Kia Motors v. U-Haul Co. of PA

CourtSuperior Court of Pennsylvania
DecidedJanuary 13, 2026
Docket2237 EDA 2024
StatusUnpublished
AuthorFord Elliott

This text of Kia Motors v. U-Haul Co. of PA (Kia Motors v. U-Haul Co. of PA) is published on Counsel Stack Legal Research, covering Superior Court of Pennsylvania primary law. Counsel Stack provides free access to over 12 million legal documents including statutes, case law, regulations, and constitutions.

Bluebook
Kia Motors v. U-Haul Co. of PA, (Pa. Ct. App. 2026).

Opinion

J-A20042-25

NON-PRECEDENTIAL DECISION - SEE SUPERIOR COURT O.P. 65.37

KIA MOTORS AMERICA, INC. : IN THE SUPERIOR COURT OF : PENNSYLVANIA : v. : : : U-HAUL MOVING AND STORAGE, U- : HAUL INTERNATIONAL, INC., U-HAUL : MOVING AND STORAGE OF : No. 2237 EDA 2024 RIVERVIEW, WECCACOE, : PROPERTIES, LP, BPO REALTY : GROUP, LP, JOHN DOE 1-5, AMERCO, : AMERCO REAL ESTATE COMPANY, U- : HAUL COMPANY OF PENNSYLVANIA, : SEAL ROOFING COMPANY, MAK : SHIPPING, GLOVIS AMERICA, INC. : : : APPEAL OF: U-HAUL CO. OF : PENNSYLVANIA :

Appeal from the Order Entered August 13, 2024 In the Court of Common Pleas of Philadelphia County Civil Division at No(s): 200801850

BEFORE: MURRAY, J., McLAUGHLIN, J., and FORD ELLIOTT, P.J.E. *

MEMORANDUM BY FORD ELLIOTT, P.J.E.: FILED JANUARY 13, 2026

U-Haul Company of Pennsylvania (“U-Haul”) appeals from the order

granting a new trial entered by the Court of Common Pleas of Philadelphia

County after a post-verdict hearing to determine whether after-discovered

evidence warranted vacating the jury’s verdict, which determined U-Haul to

be not negligent with respect to damage to the property of Kia Motors of

____________________________________________

* Retired Senior Judge assigned to the Superior Court.
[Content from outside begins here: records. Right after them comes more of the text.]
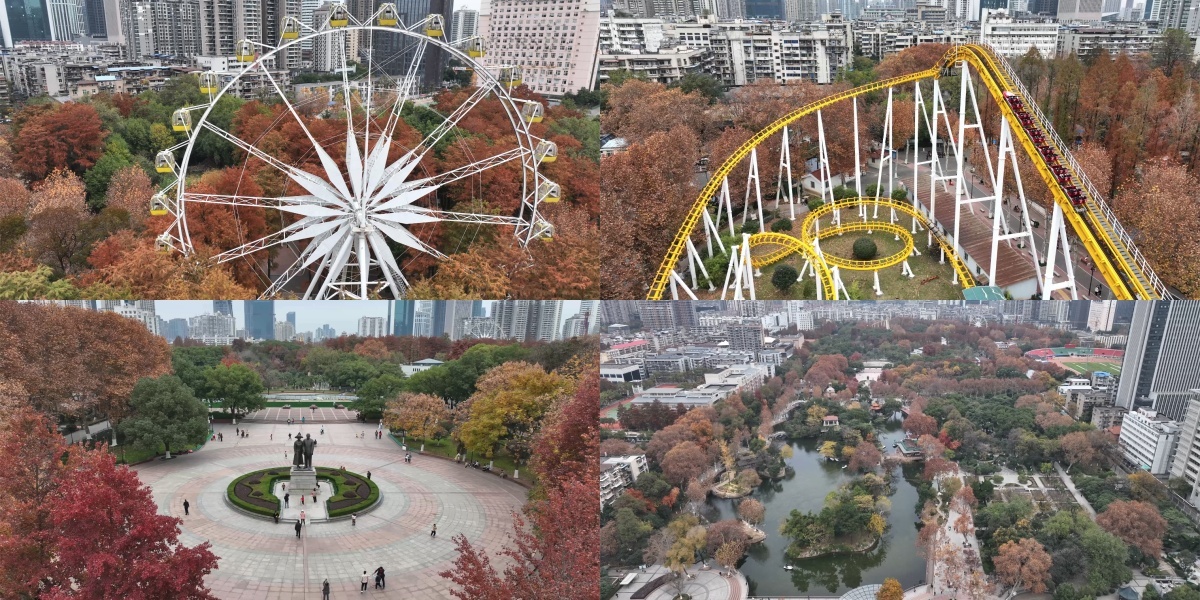 原片-武汉中山公园秋天秋叶红树叶摩天轮
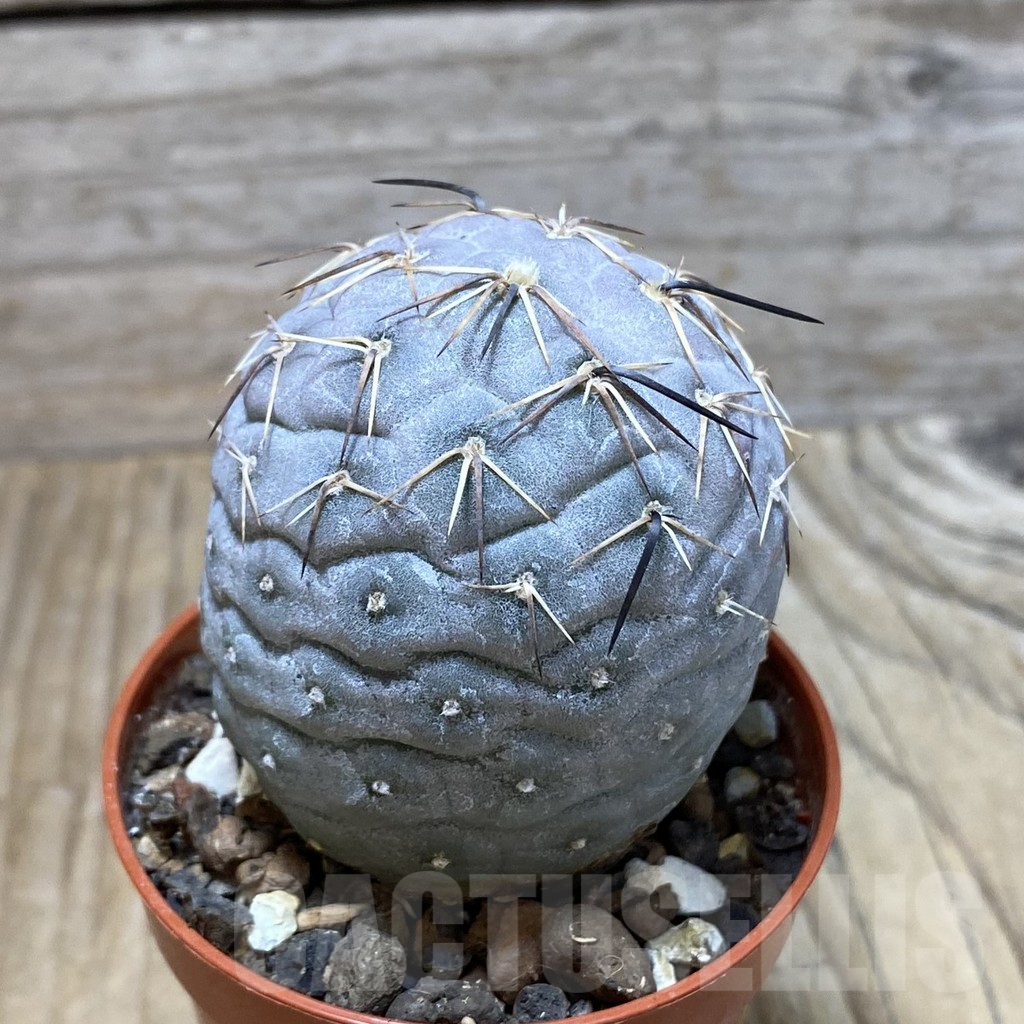 SH2997 Tephrocactus geometricus - immagine 2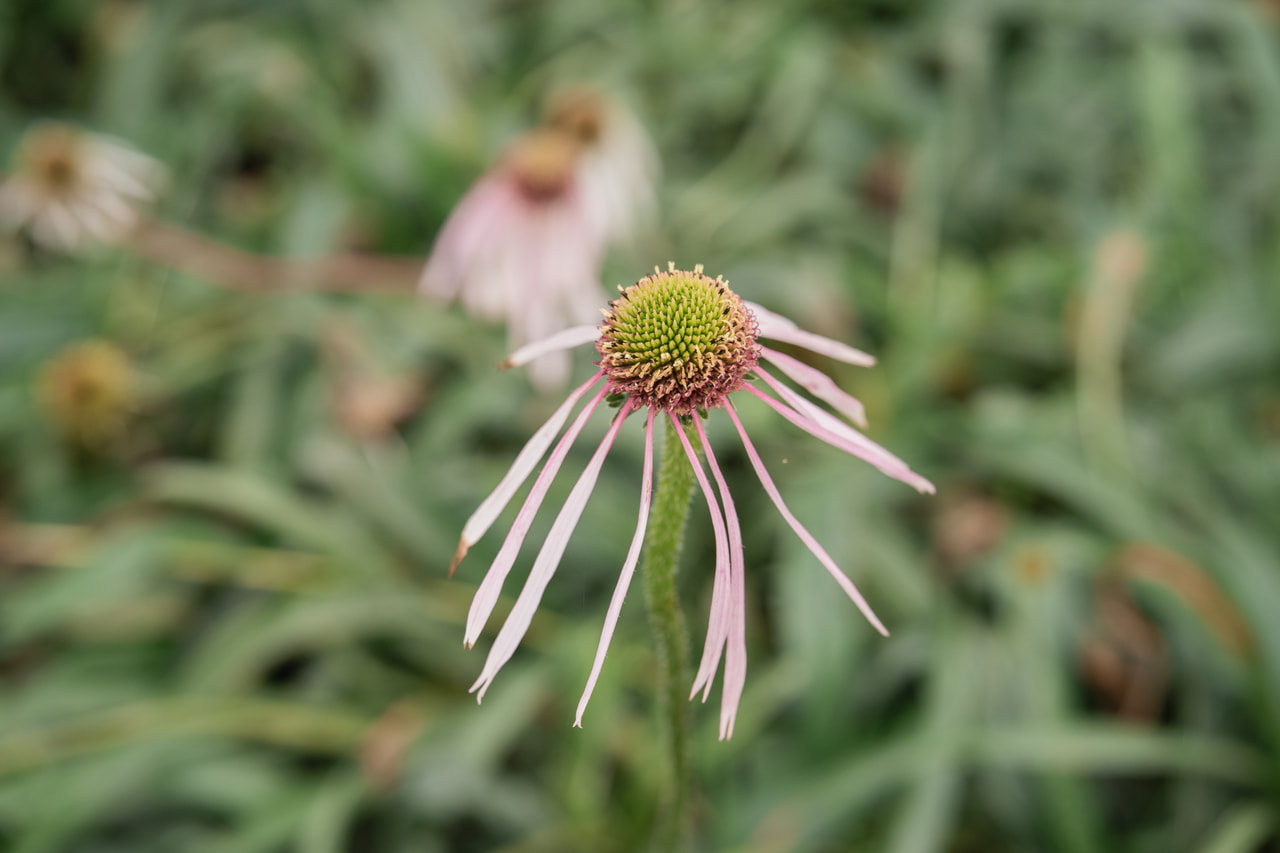 Echinacea Hula Dancer, Loukykvět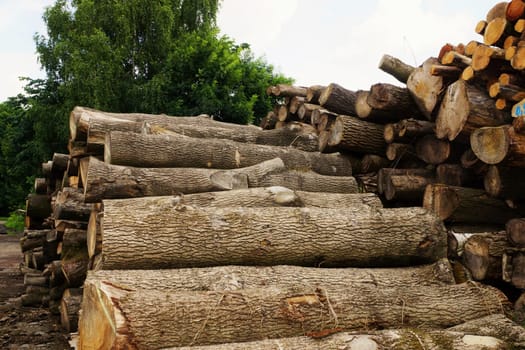 Tree pile in a forest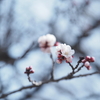 陽春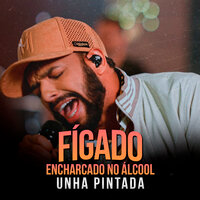 Fígado Encharcado no Álcool - Unha Pintada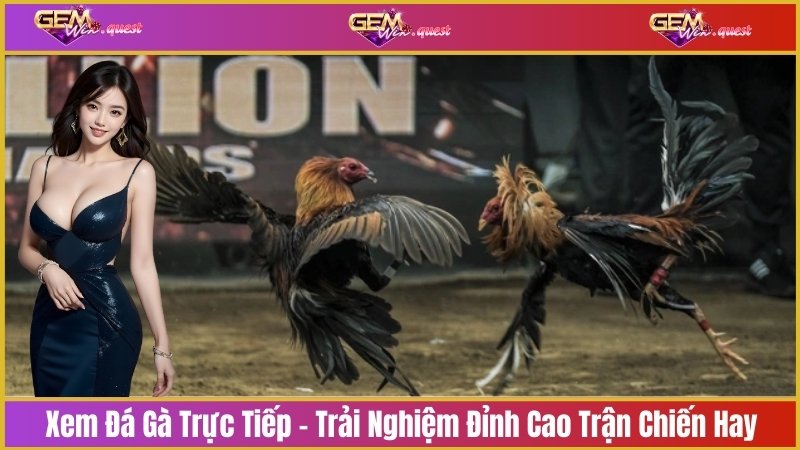 Xem đá gà trực tiếp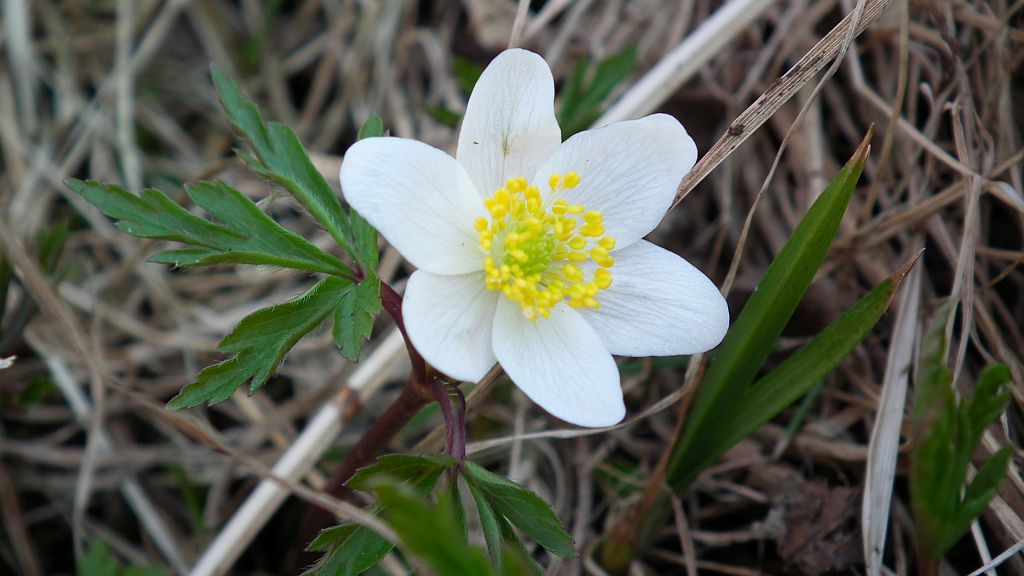 Zawilec gajowy (Anemone nemorosa L.)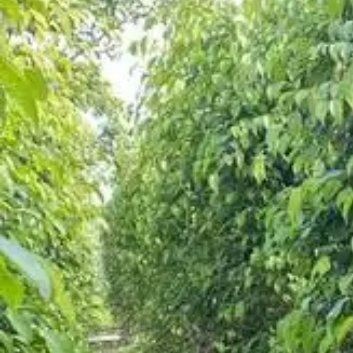 种植 🌲垂榕树小苗修剪方法如下：1. 在每年的3月份开始，可以给垂榕树进行修剪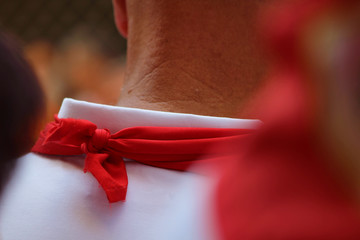 Fiestas de San Ferm&iacute;n, Sanfermines, Pamplona, Espa&ntilde;a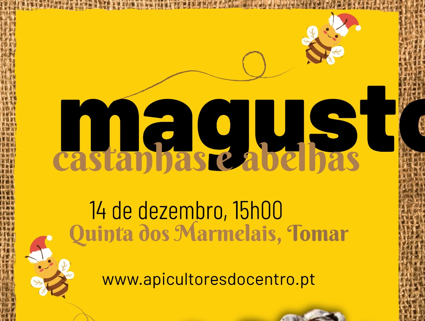 Magusto Natalício 2024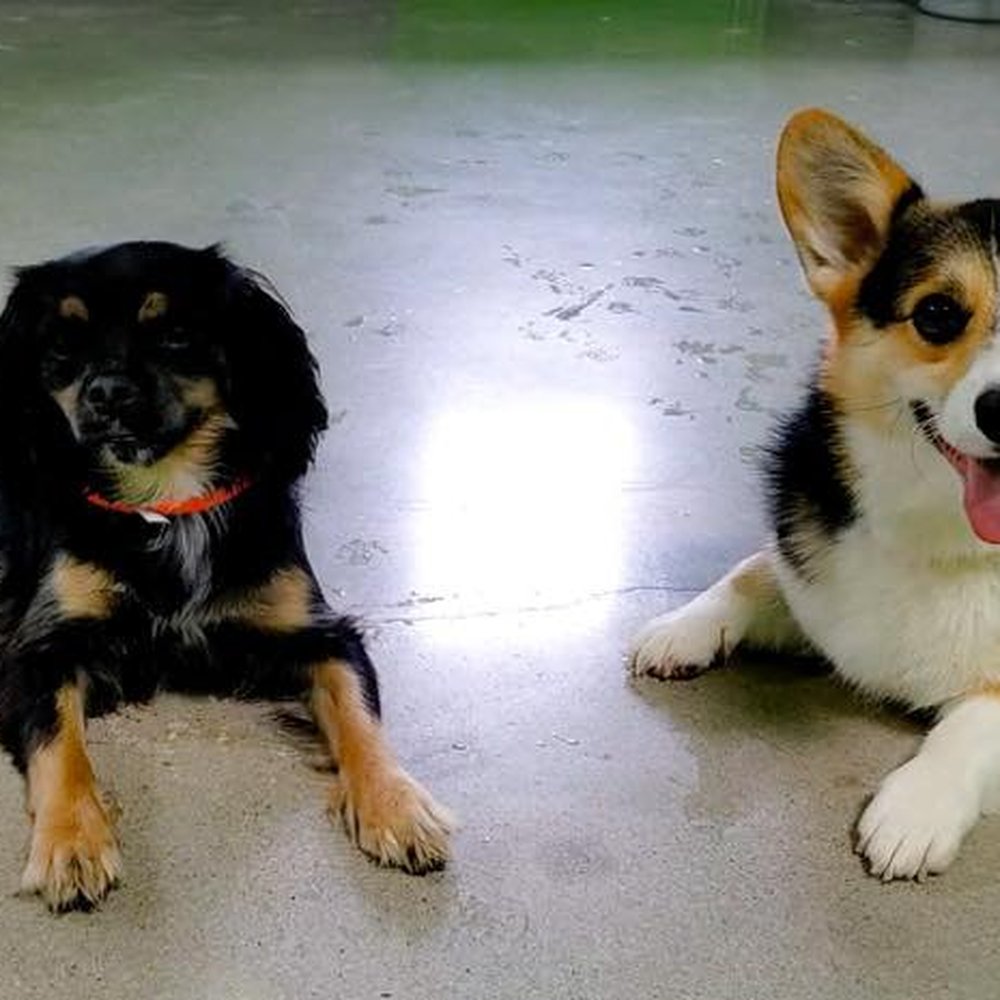 PetSuites Cypress - Bentley smiling with his best friend, Charli - Pet Training Near Me - Houston, Texas PetSuites Cypress - Bentley smiling with his best friend, Charli - Pet Training Near Me - Houston, Texas
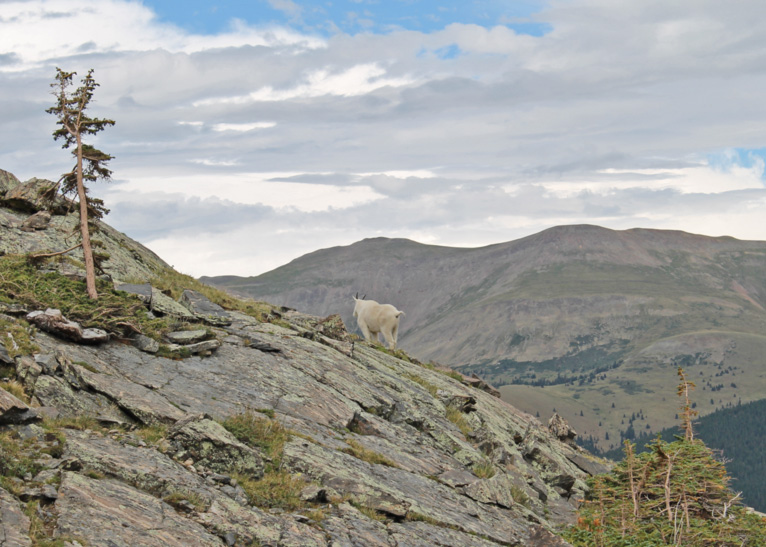 Goat enjoying the view on the South Face of Quandary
J-A20042-25

America, Inc. (“Kia”).1 Because we find no abuse of discretion by the trial

court, we affirm the order for a new trial.

The trial court accurately summarized the evidence at trial and the post-

verdict hearing, as follows:

On April 15, 2019, the roof of a building located at 8 E. Oregon Ave. in Philadelphia detached during a storm. At the time, the building was being leased to and operated by Appellant U-Haul[.] Debris from the roof landed in a nearby lot that was being used by Kia to store approximately 208 vehicles, resulting in at least 182 of the vehicles being damaged and/or destroyed. Kia filed suit against, inter alia, Amerco Real Estate Company [(“AREC”)], who was the owner of the property, and U-Haul, alleging negligence in the maintenance of the roof which in turn led to it [to] detach.

Based on representations from counsel to U-Haul that AREC was merely an out-of-possession owner who had nothing whatsoever to do with the roof in question, Kia agreed to dismiss AREC from the case. During the discovery process, Kia requested the production of all documents and photographs related to any pre- incident inspection of the building. U-Haul did not produce any photographic evidence documenting the prior condition of the roof as it maintained that it took possession of the property without an inspection having been performed. Lacking evidence of the building’s pre-incident condition, Kia had to rely upon [its] own expert testimony at trial to create an inference of negligence on the part of U-Haul, i.e., that the flaw which caused the roof to become detached would have been discovered during an inspection if U-Haul had performed one.

However, Kia’s theory was subsequently upended when U-Haul’s own expert witness, Timothy Carlsen, stated during his trial testimony — much to the surprise of Kia — that the building had in fact been inspected by U-Haul before it took possession of the property. Moreover, he testified that U-Haul possessed photographs of the exterior of the building, including the roof, that were taken at around the time it assumed occupancy. Following ____________________________________________

1 Although interlocutory, “[a]n order in a civil action or proceeding awarding

a new trial,” is appealable as of right. Pa.R.A.P. 311(a)(6).

-2- J-A20042-25

Carlsen’s testimony, Kia moved for a mistrial on the grounds that such photographs were wrongfully withheld during pre-trial discovery. The [c]ourt denied the motion.

At the close of trial, the jury returned a verdict in favor of U-Haul, finding that it was not negligent. Following the verdict and in light of the unproduced photographs, Kia filed a post-trial motion seeking a new trial on the grounds of discovery abuse. It argued that the photographs, and by extension the knowledge that a building inspection had in fact been performed by U-Haul, were concealed to undermine Kia’s central argument at trial. The [c]ourt allowed Kia to supplement the record with post-trial discovery in support of its motion.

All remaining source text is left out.